The speculation is that Clemens is trying to get back into Major League Baseball so that he can postpone his Hall of Fame vote by five years. Getting into a game for the Houston Astros would make the most sense because the Astros are not in playoff contention and Clemens has a personal-services contract with the organization already.
Nobody seems to be in a particular hurry to squash that speculation.
Clemens says he'd never shut the door on the Astros and owner Jim Crane said he would be open to signing the legendary pitcher to a player contract if MLB would approve it.
Given that Clemens on Saturday looked like a competent professional pitcher, it is difficult to come up with reasons this shouldn't happen that don't end up sounding like "well, just because."
Early in the week Clemens established his position on the whole matter, and it cleverly places him in rhetorical no-man's land. No matter what happens next, nobody will be able to make fun of anything he has said this week.
He was asked Saturday if his performance made him think about getting back into the major leagues.
"No," he said, "it doesn't."
He was then asked if anything about the idea of pitching the big leagues again intrigued him.
"Not really," he said.
Well, OK, but why not? The reason Clemens offers is basically that he has been there and he has done that. The implication being that he has nothing left to prove. Which, of course, he does not. He won the Cy Young award seven times.
"My career speaks for itself," he says.
And so you leave wondering what Clemens really feels. He will not close the door on a return to the big leagues, but he won't open that door either.
All we know is that Clemens wanted to pitch again, and did, and pitched well. Maybe he just wanted to hear the cheers one more time.
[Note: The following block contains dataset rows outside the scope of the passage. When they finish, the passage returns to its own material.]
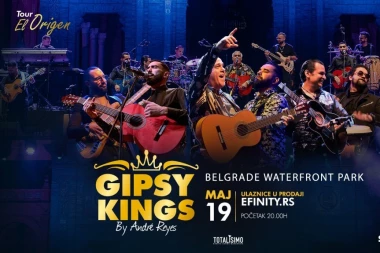 Gipsy Kings predvođeni sjajnim Andre Reyes-om stižu u Beograd 19. maja – ovo je priča o njima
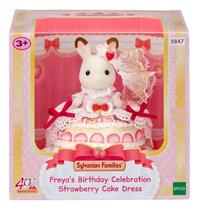 Sylvanian Families Aniversario da Freya Vestido Bolo - colecao 40 anos EPOCH MAGIA Sylvanian Families Aniversario da Freya Vestido Bolo - colecao 40 anos EPOCH MAGIA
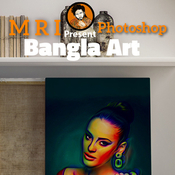 Bangla art action 12468631 icon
Maybe he wanted the enduring image of Roger Clemens to be on the baseball field, not in the courtroom, where he successfully defended himself against six perjury charges earlier this year. Maybe he just wanted to help out the Skeeters.
But there is this: When you see a 50-year-old Roger Clemens running his fastball in there at 87 miles per hour, and hitting his spots, getting out professional hitters, doesn't it change your perspective on the 45-year-old Clemens just a little?
It doesn't prove or disprove anything, of course, but doesn't it make it a little easier to believe he was all natural when he was throwing the low 90s in his 40s? If it can't change your mind, can you see how it might change someone else's?
If that's what Clemens was hoping to get out of Saturday's performance, he won't say it. He won't say much of anything, actually, except that he understands what it means for people to see him pitch, and he saw a chance to give them that at least one more time.
"If one person was smiling and happy," he said, "we got everything out of it we wanted."